A indicação é destinada a adultos e adolescentes a partir de 12 anos, com peso mínimo de 35 kg, que estejam sob risco de contrair o vírus. Antes de iniciar o tratamento, é obrigatório realizar teste com resultado negativo para HIV-1.
De acordo com estudos clínicos, a eficácia do Sunlenca é de 100% na redução da incidência de HIV-1 em mulheres cisgênero. Os dados também apontaram 96% de eficácia em comparação com a incidência de HIV de base e 89% superior à PrEP oral diária.

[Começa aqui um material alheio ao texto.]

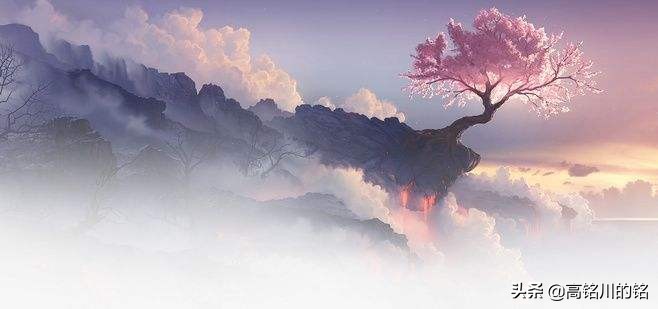 梦幻少年_梦幻少年的奇幻之旅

Apesar do registro concedido pela Anvisa, o medicamento depende ainda da definição do preço máximo pela Câmara de Regulação do Mercado de Medicamentos (CMED). Já sua disponibilização no Sistema Único de Saúde (SUS) será avaliada pela Comissão Nacional de Incorporação de Tecnologias no Sistema Único de Saúde (Conitec) e pelo Ministério da Saúde.
Prevenção
A profilaxia pré-exposição (PrEP) é uma estratégia essencial para prevenir a infecção pelo HIV. Ela envolve o uso de medicamentos antirretrovirais por pessoas que não têm o vírus, mas estão sob risco de contrair a doença, reduzindo significativamente as chances de transmissão.
A PrEP faz parte da chamada “prevenção combinada”, que inclui outras medidas, como testagem regular para HIV, uso de preservativos, tratamento antirretroviral (TARV), profilaxia pós-exposição (PEP) e cuidados específicos para gestantes soropositivas, esclareceu a Agência.
O lenacapavir passou a ser recomendado pela Organização Mundial da Saúde (OMS) em julho de 2025 como opção adicional para PrEP, classificando-o como a melhor alternativa após uma vacina, recurso que ainda não está disponível no caso da prevenção do HIV.